Turkish women’s rights groups launch campaign against death penalty
Women’s groups in Turkey have started a campaign warning that capital punishment is the wrong approach to tackle violence after the murder of a woman by her husband sparked calls for the return of the death sentence.
Prominent figures in Turkey, including President Recep Tayyip Erdoğan, backed the return of the death penalty after footage of the killing of Emine Bulut by her ex-husband spread on social media in August, provoking an uproar over Turkey’s grave gender violence problem.
But leading women’s rights groups have rejected the idea, warning that systemic violence against women would not be solved with more violence.
The hashtag #idamçözümdeğil – the death penalty is not the solution – spread on social media this month after it was shared by the women’s groups in posts offering solutions to the problem.
“Countries which have the death penalty also have among the highest rates of violence against women,” Women for Women’s Human Rights said in a tweet on Monday.
Other posts demanded that existing laws to prevent violence were implemented instead of introducing the death sentence.
“The solution is shelters that can be accessed by all women, women’s solidarity centres, a 24-hour emergency counselling line, and rape crisis centres,” said another of the posts shared under the hashtag by the Foundation for Women’s Solidarity.

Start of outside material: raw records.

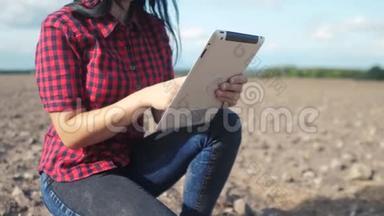 智慧生态是一种收获农业的耕作理念。 女农民用数字平板电脑研究田野里的泥土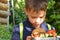 Cute schoolboy eating outdoors the school from plastick lunch boxe. Healthy school breakfast for child. Food for lunch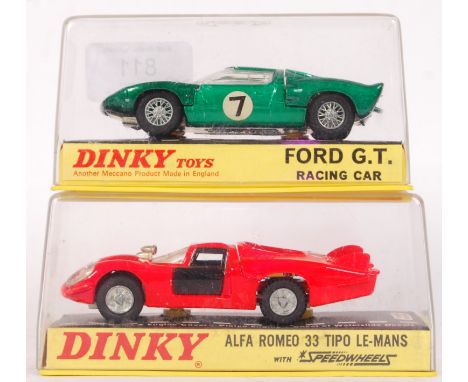 Two original vintage Dinky Toys diecast model racing cars. Each appears near mint, within the original display boxes. No. 215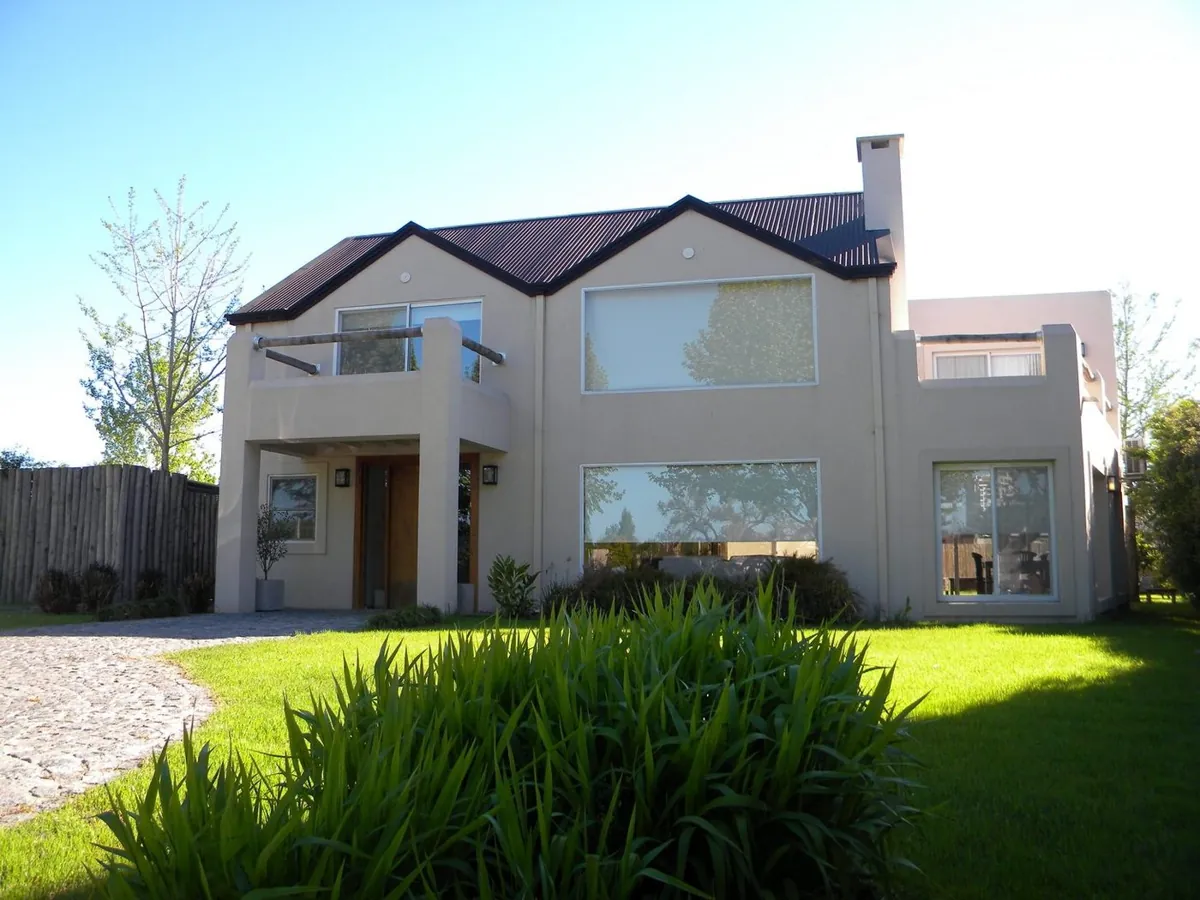 Casa con techo de tejas y jardín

Biz kadınlar biliyoruz ki kadın cinayetlerini ve çocuk istismarını önlemenin yolu idam cezasını geri getirmek değil. Çözüm, var olan yasaları uygulamak ve şiddeti önleyici devlet politikaları geliştirmek! #İDAMçözümdeğil pic.twitter.com/Dg3r4mbgOw— KadınDayanışmaVakfı (@kadin_dv) September 2, 2019
Turkey was the first signatory of the Istanbul Convention, groundbreaking Council of Europe legislation addressing domestic and gender violence.
However, there has been much opposition to the convention from religious conservatives and men’s rights groups, who say it harms family values and leaves men at a disadvantage by requiring alimony payments in divorce cases.
Women’s activists say the existing laws in Turkey are sufficient to tackle abuse, but the government has dragged its feet in properly implementing them.
The latest calls for the return of the death penalty aim to distract the public from the issue, said Canan Güllü, the head of the Federation of Women’s Associations of Turkey.
“The last six or seven times there was an incident that caused an uproar, the government said it would sign off on a law bringing back capital punishment. For the death penalty to come to parliament would be a backward step away from modernity,” Güllü told the Hürriyet newspaper.
The calls for the return of the death sentence are “an attempt to take the momentum away” during periods of uproar about Turkey’s femicide problem, she said. “That’s why we wanted to start our campaign to show people why we don’t need to death penalty.”
Women’s rights groups last month reported that 245 women had been murdered in domestic violence since the beginning of the year.
Nearly 40 percent of Turkish women face physical or sexual violence from a partner, according to the United Nations, while 409 Turkish women were murdered by a partner or family member in 2017, a 75 percent increase from 2013, according to the watchdog group We Will Stop Femicide.